Originally Posted by MMM
Well said, you will see this has happened with PC Tech mags as they have changed considerably with the inclusion of smart phones & tabs.
DIY PC builds has died off in my opinion.
Out of the regulars here how many would admit their enthusiasm has waned.
It's not so much that my enthusiasm has waned.
to be honest I never got involved in the over-clocking threads. And I never saw over clocking as a way to get a cheaper fast computer. for me over clocking was always about getting "the best" computer.
For my budget at the time when OC'ing was big I never had the money to buy high end components, and never was able to setup a large cooling rig because of the expense that entailed. sure there are a few people who changed what they could to eeek a few more MHz out of what they had.
but the true goal of overclocking was to get the absolute best you could out of the latest and greatest, to take the best chip on the market and make it better, it was possible to have the best consumer system in the world, and that was worth talking about. the former (making your 1.8Ghz PC run at 2Ghz, was not really noteworthy).

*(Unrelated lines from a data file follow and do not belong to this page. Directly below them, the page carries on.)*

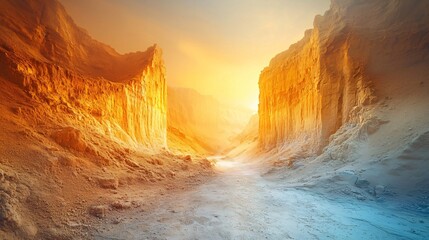 Poster - Narrow canyon surrounded by dramatic rock formations under a bright orange sky at sunset creating a stunning landscape scene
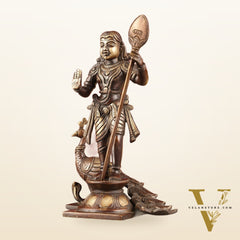 Pure Superfine Brass Raja Murugan Kumaraswamy Idol - 8.75" antique chola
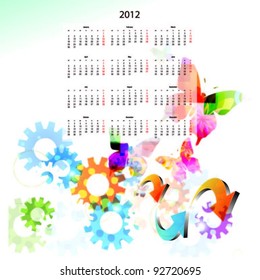 vector calendar for 2012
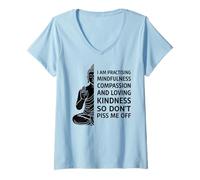 Femme I'm Practicing Compassion So Don't Piss Me Off Yoga Humor T-Shirt avec Col en V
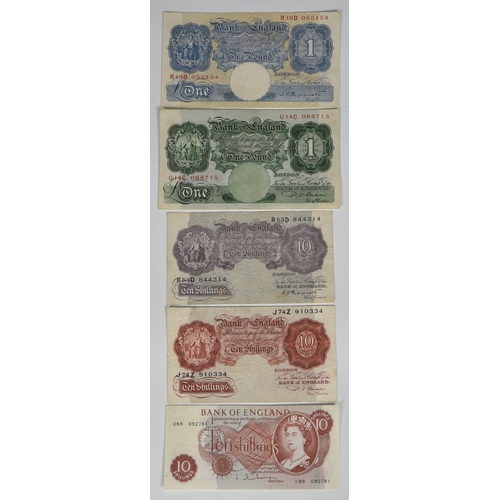 2290 - British Banknotes -Bank of England -  Britannia issues etc, to include Ten Shillings, Peppiatt, seri... 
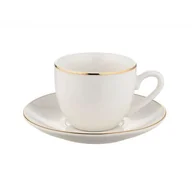 Filiżanki - Filiżanka porcelanowa ze spodkiem Belissima 100 ml biały - miniaturka - grafika 1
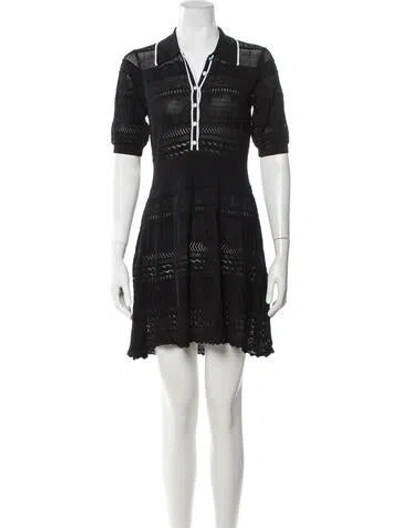 Pre-owned L'agence Patterned Mini Dress W/ Tags In Black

Last year I gave away my nice case to a kid who wanted to start building computers, it was a big case plenty of bays, made of aluminium magnesium alloy with 9-fans, basically perfect for a guy who it looking for parts to build something/anything with...

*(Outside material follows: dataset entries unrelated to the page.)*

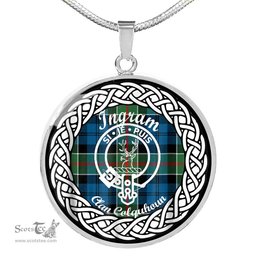 Ingram Tartan Crest Clan Scotland Tartan Plaid Circle Pendant Necklace Jewelry Gift For Women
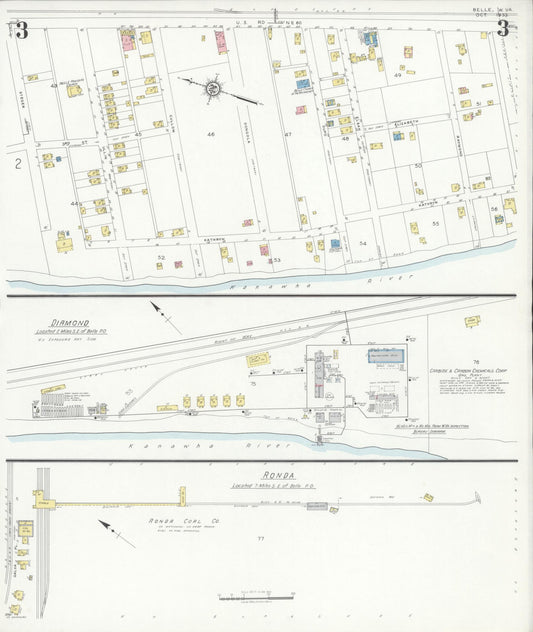 Sanborn Fire Insurance Map from Belle, Kanawha County, West Virginia (1933), Sheet #0003 - Historic Sanborn Fire Insurance Map Print, vintage old map wall art, antique decor, genealogy gift, West Virginia West Virginia map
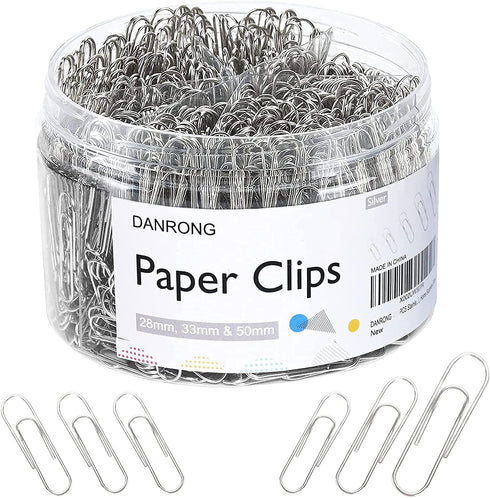 DANRONG 650 PCS Paper Clips Assorted Sizes, Small Medium and Large (1.1", 1.3" & 2"), Paperclips for Office, School, Home Supplies-Silver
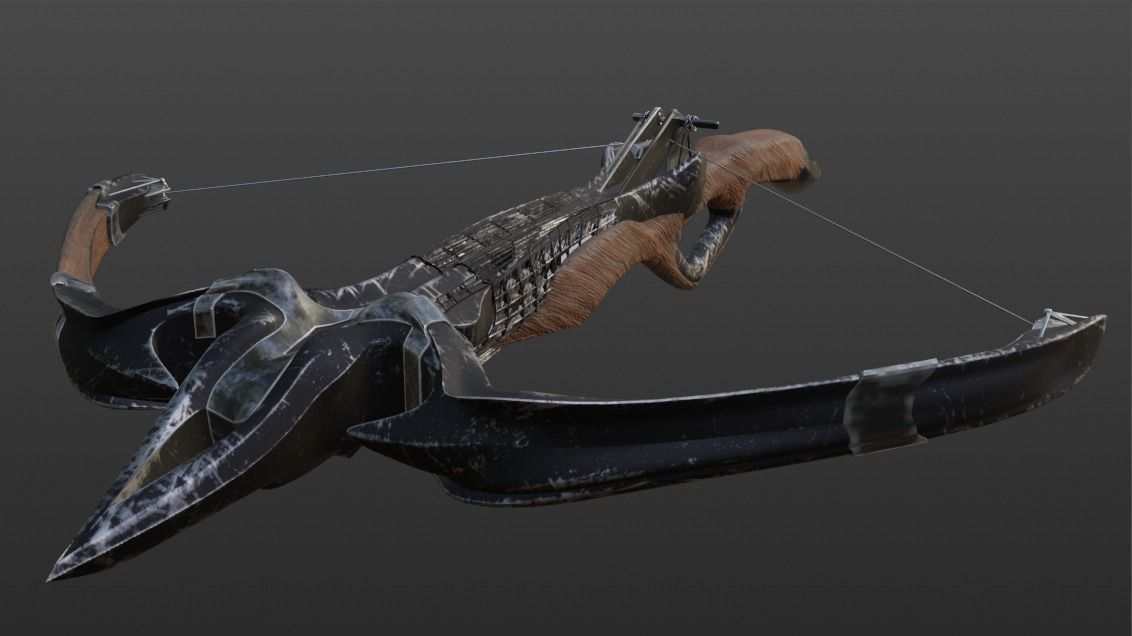 Medieval Steampunk Crossbow Low-poly 3D model_4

what I think has really killed over clocking is laptops, cheap and convenient, ubiquitous, and not upgradeable in any meaningful sense. - why have a box in the corner that I need to get up and use when I can sit wherever I like?
I think more than a waning of interest, I'm actually more interested than ever in IT.

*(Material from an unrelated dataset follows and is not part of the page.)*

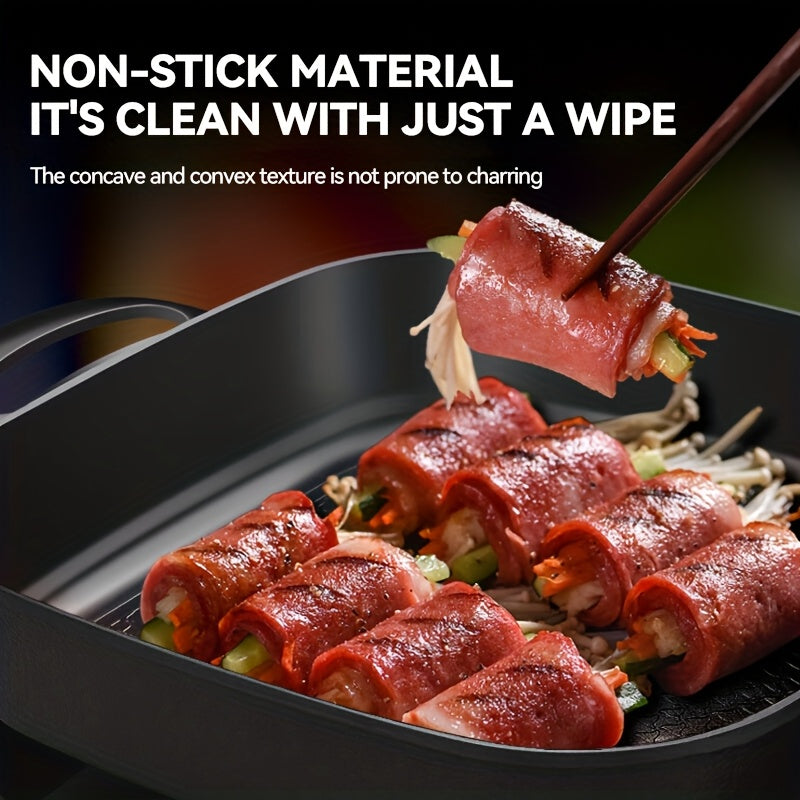 Electric Frying Pan with Lid, Electric Hot Pot, Multi-functional Pot, Non-stick Electric Frying Pan for Stir-frying, Steak, Electric Cooking Pot with Constant Temperature Control, Suitable for Frying And Baking, Steak Frying,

We had our companies annual meeting yesterday, and as I was leaving I saw a convention for redgate SQL products, I thought about skipping work to see what it was all about. (my interest in computers is great enough to consider skipping out of work)
And that's the problem, my interests are far and varied but relate to more specialist activities,
Ask me about exchange, SQL or Citrix, active directory, programming embedded devices, setting up managed switches and routers, ect even setting up secure server environments (such as PCI-DSS compliant or ISO 27001 etc) and I'll be really enthused -I've got bunches of opinions since this is the stuff that we do where I work.
But often the topic of conversations tend to be more desktop based, I suppose my knowledge of desktops is just less than it used to be since I'm using servers everyday, and my desktop is just a tool to get stuff done.
trouble is not many people come here to get server questions answered.